Senators want the Federal Trade Commission (FTC) to “assess” whether big tech companies including Google, Facebook and Amazon are committing anti-trust violations — but economists say the established interpretation of antitrust laws could make a viable legal case against these companies almost impossible.

The Senate Commerce Subcommittee on Consumer Protection, Product Safety and Data Security discussed the issue at length with the FTC at its oversight hearing Tuesday, where ranking member Sen. Richard Blumenthal (D-Conn.) accused the FTC of failing to protect consumers from Big Tech.

“This issue is about Big Tech, and Congress is fed up,”  he said in his opening statement. “It’s about Big Tech no longer being entitled to say to America, trust us. Big Tech is no longer entitled to that trust, if it ever was. Big Tech may be no longer entitled to be as big as it is. The misuse of that power can violate antitrust laws. It’s not only privacy, but also antitrust that has to be assessed.”

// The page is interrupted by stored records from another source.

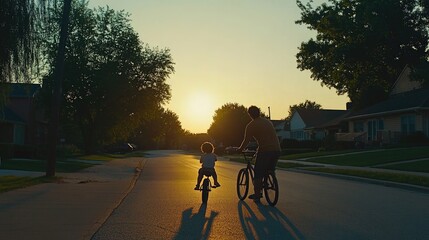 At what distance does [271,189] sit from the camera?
12.1 m

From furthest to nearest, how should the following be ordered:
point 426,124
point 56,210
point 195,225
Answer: point 426,124 < point 56,210 < point 195,225

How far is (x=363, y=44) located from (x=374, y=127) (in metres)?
7.99

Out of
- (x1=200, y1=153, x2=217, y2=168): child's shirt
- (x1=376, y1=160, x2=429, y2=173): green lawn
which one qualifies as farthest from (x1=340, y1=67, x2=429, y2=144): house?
(x1=200, y1=153, x2=217, y2=168): child's shirt

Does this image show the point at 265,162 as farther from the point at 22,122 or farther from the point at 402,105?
the point at 22,122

FTC Commissioner Rohit Chopra — a Democrat — told the committee he thinks fining and breaking up tech companies may not be enough to deter malpractice, like lax data security and privacy violation.

“While big penalties made for good headlines, I question whether they truly deterred lawbreaking,” Chopra said, comparing Big Tech to the finance industry after the Great Recession:  “Too many executives evaded responsibility and even got a bonus for their skillful dealing with the government. Even after they made settlements, we continued to fight fire after fire.”

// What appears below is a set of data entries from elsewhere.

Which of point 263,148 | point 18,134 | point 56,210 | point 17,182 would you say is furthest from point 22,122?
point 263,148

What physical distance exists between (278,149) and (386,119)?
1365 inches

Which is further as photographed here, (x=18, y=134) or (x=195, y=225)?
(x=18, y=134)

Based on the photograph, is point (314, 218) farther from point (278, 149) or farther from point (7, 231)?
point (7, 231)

Chopra also agreed with Blumenthal that there is a serious monopoly problem within Silicon Valley that may merit an antitrust investigation.

“If you talk to investors, many will tell you that they’re not going to fund a start up unless they can figure out how to sell that company to an existing large incumbent like Google or Facebook,” he said. “That makes me question, do we really have an innovative and competitive market?”

But economists say it isn’t so simple.

In an article for Yale Review published a year ago, Lina Kahn, a legal fellow at Yale specializing in competition law, wrote that current interpretation of antitrust laws “focuses exclusively on consumer welfare.”

Kahn argues this is a “mistake” because this definition of competition only focuses on the short-term, allows monopolies to develop and limits consumer choice and consumer freedom.

In other words, current antitrust law assumes that if prices for goods and services are falling, then that can only be a good thing — even if falling prices are accompanied by market consolidation and fewer choices for consumers.

Instead, “antitrust law and competition policy should promote, not welfare, but competitive markets.”

Big tech companies like Google and Facebook, which offer their services for free, and Amazon, which sells goods for exceptionally low prices, don’t fit the right profile for antitrust litigation — even though they may be considered monopolies in their respective industries.

“It’s about market power,” Lawrence White, professor of economics at New York University’s Leonard N. Stern School of Business, told InsideSources. “The antitrust laws are not about pure size.”

Because market power is defined in terms of price-setting, he said, “Facebook may not be an antitrust problem.”

“Facebook got to its size because it was pretty good at what it was doing, which was providing all kinds of connectivity for individuals who really liked that connectivity,” White added. “Under current interpretation of antitrust laws, no one thinks that case could be won (to break up Facebook or Google). Even if you could break them up, five years later there will be one big social media company [again] just because people will be gravitating to where all their friends hang out. Facebook has other things, like the Cambridge Analytica scandal, and that is a problem, but not an antitrust problem.”

In order to bring antitrust litigation against these tech companies, then, the definition of competition and market power must change. But White thinks that isn’t likely.

“I think it’s impossible to come up with antitrust policies to deal with tech companies,” he said.